風呂の準備も夕食の用意も整い、後は彼女の帰宅を待つだけ。
トマト煮のロールキャベツに海老ピラフ、ほうれん草とベーコンのミルクチーズスープ、それと温サラダ。
つまみ用と翌朝の朝食用に幾つか仕込済み。
栞那の帰りを今か今かと待ち侘びているが、一向に鳴らないスマホを見据え、伊織は痺れを切らした。

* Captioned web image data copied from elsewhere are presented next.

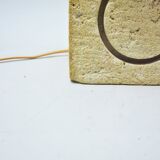 Albert Tormos stone cube lamp 70s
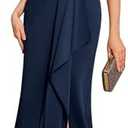 BeryLove Women's Formal Wedding Guest Slit Dress Classy Sleeveless Long Prom Gala Dresses, L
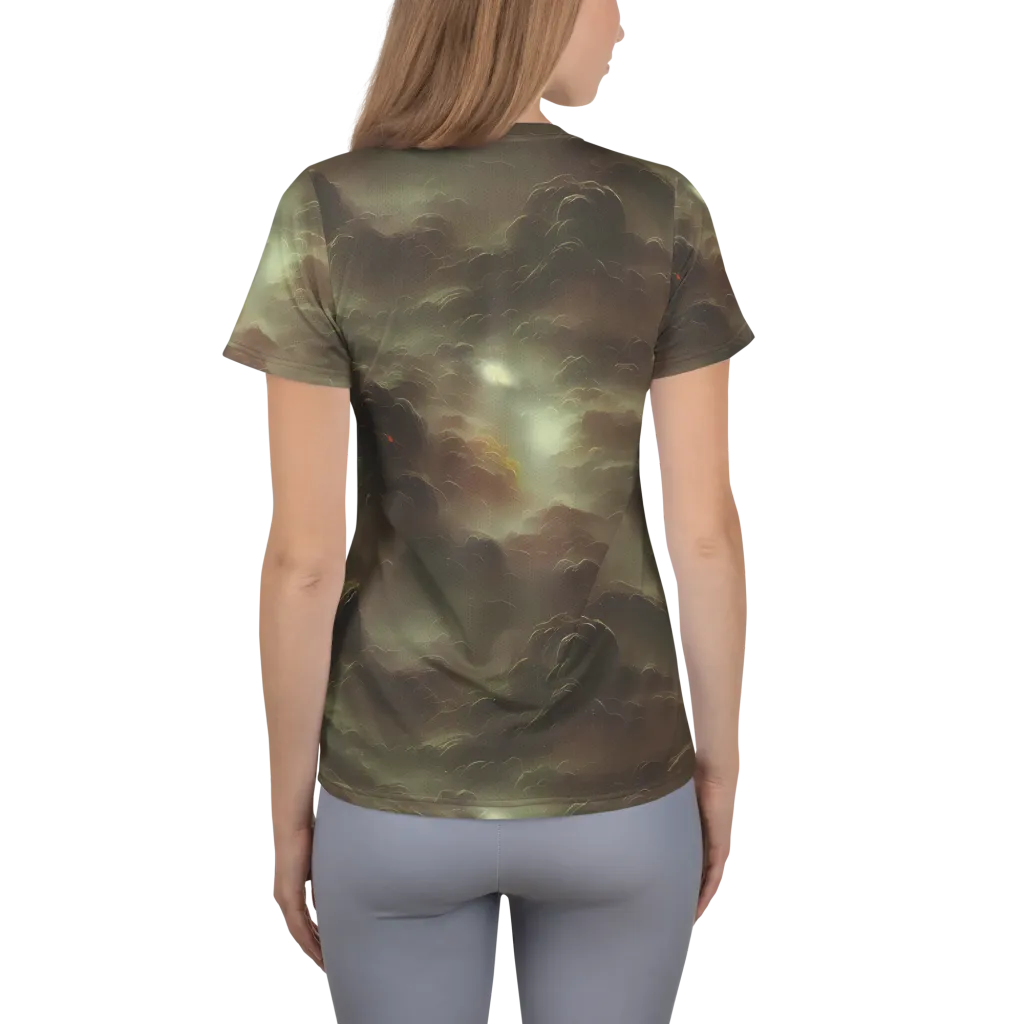 Celestial Dreamscape on Women's Athletic T-Shirt — Back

ロングコートを羽織り、財布とスマホと家の鍵を手にして玄関を飛び出す。
嫌な予感がしてならない。
元々連絡がまめなタイプではないが、それでも“遅くなるようなら、連絡入れろ”と伝えてある。
胸騒ぎがする。
恋人としてなのか、社長としてなのか。
とにかく、今すぐにでも会社に行って確かめずにはいられない。
車で五分ほどの距離にある自社ビル。
地下駐車場に車を止め、エレベーターでシステム部のあるフロアへと急ぐ。
システム部の部屋のドアを開けてみたものの、灯りはついているが、スタッフは誰一人いなかった。

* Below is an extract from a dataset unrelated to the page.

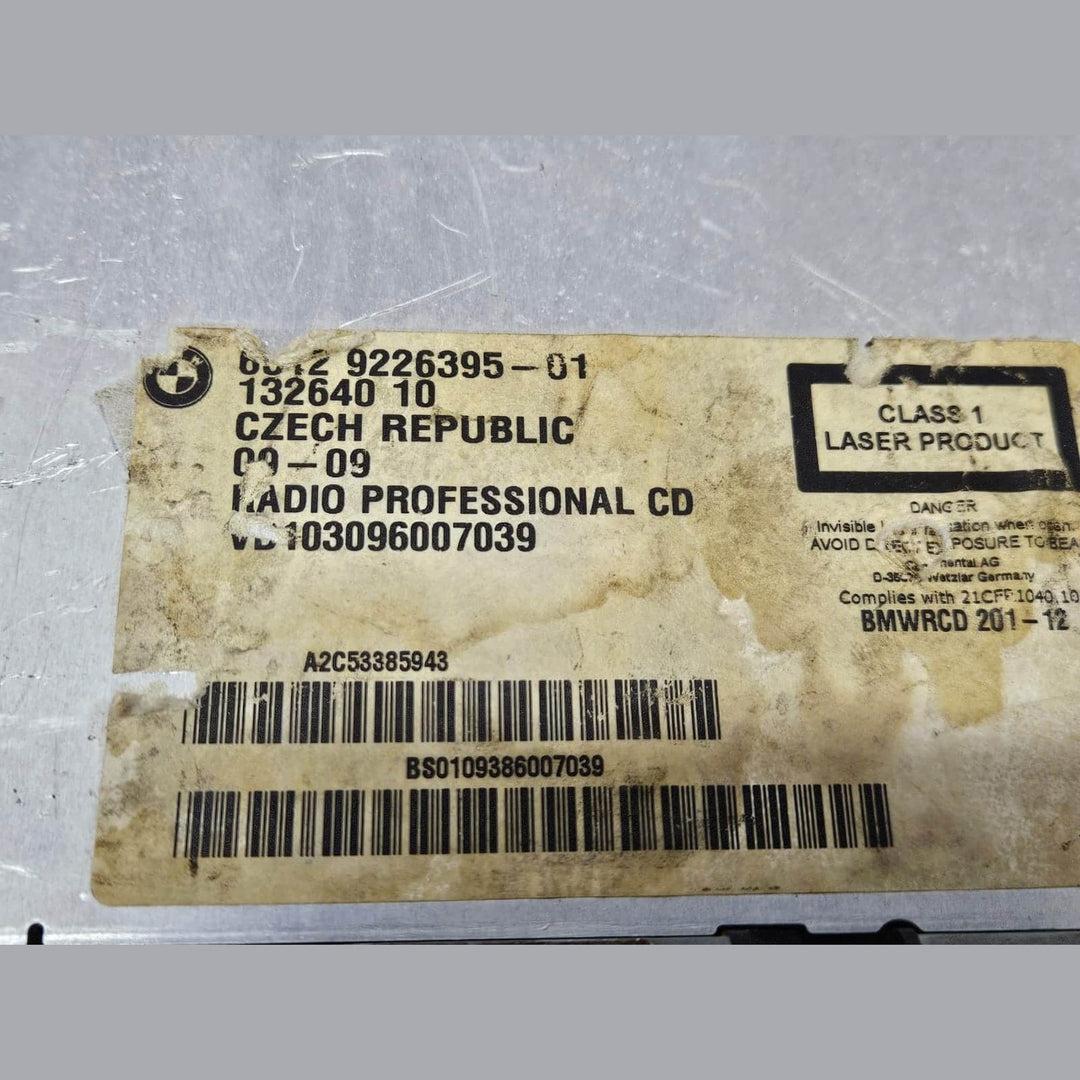 BMW X1 E84 Radio Cd Professional Audio Head Unit 9226395 OEM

「通販事業部のエラーだと言ってたな。……十二階か?」
靴音を響かせながら来た道を戻り、通販事業部のある階へと急いだ。
「お疲れ様、エラーが出たと聞いたんだが」
「し、社長っ!!?」
「ん?……システム部の連中はいないのか?」
「あっ、今飲み物買いに行ってます」
「……そうか」
「社長、明けましておめでとうございます」
「明けましておめでとうございます。新年早々申し訳ありません」
「あぁ、明けましておめでとう。今年も宜しく頼む。で、エラーは直ったのか?」
「はいっ!成海部長が対応して下さって。その後に幾つか修正して貰ったり、明日からの日替わりセールの分の予測データも出して下さったりで、本当に助かりました」
「そうか」
通販事業部のスタッフ数人が伊織の登場に硬直気味だ。